You have three separate issues, each of which you can put into their own function:

  1. Take input from the user
  2. Turn it into a sequence of 0 and 1.
  3. Find the longest run of 1.

For the user input it can be as simple as your one line, or slightly more sophisticated as this function:

def ask_user(message="", type_=str):
    while True:
        try:
            return type_(input(message))
        except ValueError:
            print("wrong type, try again")

Later you might want to add things like validator functions, allowed ranges, etc, but this should suffice for now.
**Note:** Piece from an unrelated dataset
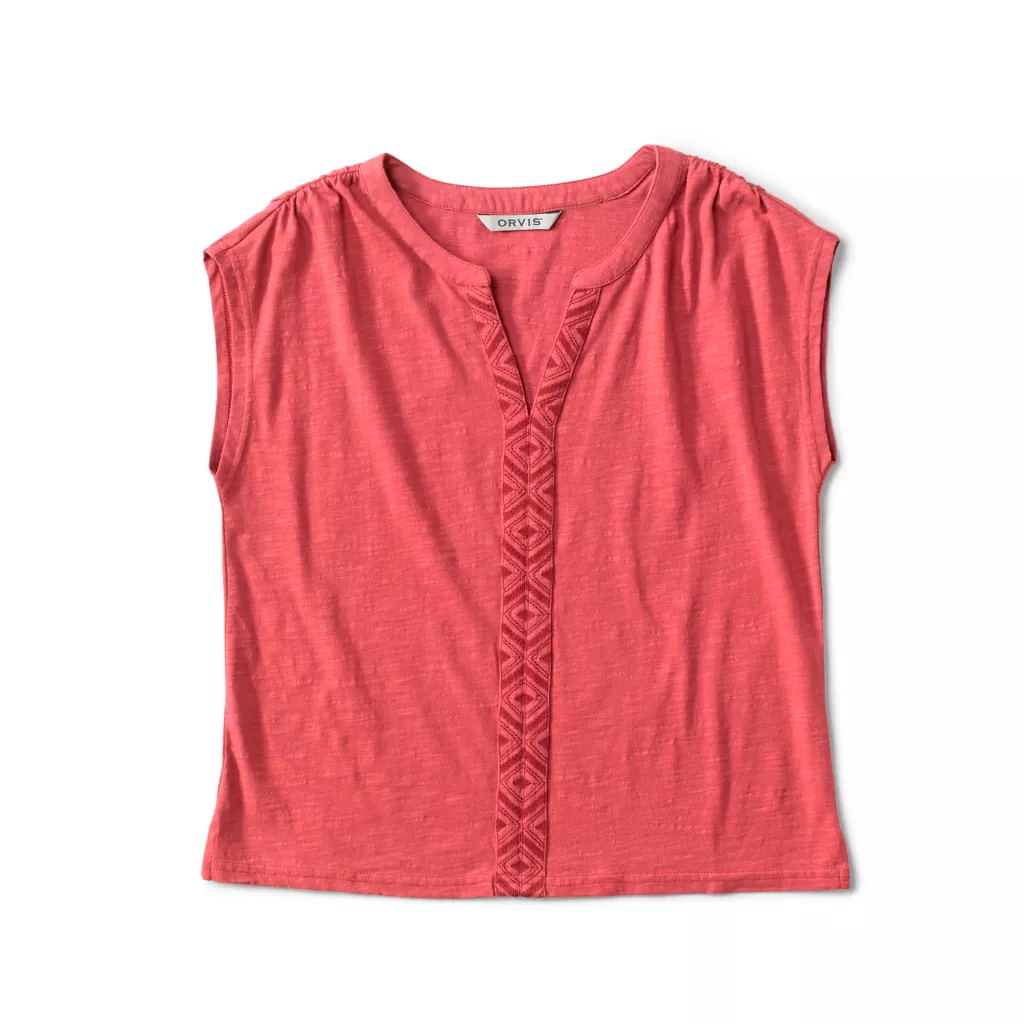 Fresh Air Embroidered Dolman Top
Turning the number into a binary sequence is easy:

def to_binary(n):
    return bin(n)[2:]

Or even like this, as mentioned in the comments by Eric:

def to_binary(x):
    return format(x, "b")

And for the last step you can use itertools.groupby:

from itertools import groupby

def longest_run_of(it, value):
    return max(len(list(group))
               for c, group in groupby(it)
               if c == value)

Putting it all together, using some f-string for slightly easier string formatting:

if __name__ == "__main__":
    n = ask_user("Enter a number: ", int)
    n_bin = to_binary(n)
    longest_run = longest_run_of(n_bin, "1")
    print(f"count is = {longest_run}")

Once you are this far it becomes a lot easier to try and test different implementations, as you can change (and test) each part individually. At this point it might make sense to start profiling to see which implementation is the fastest, depending on your needs.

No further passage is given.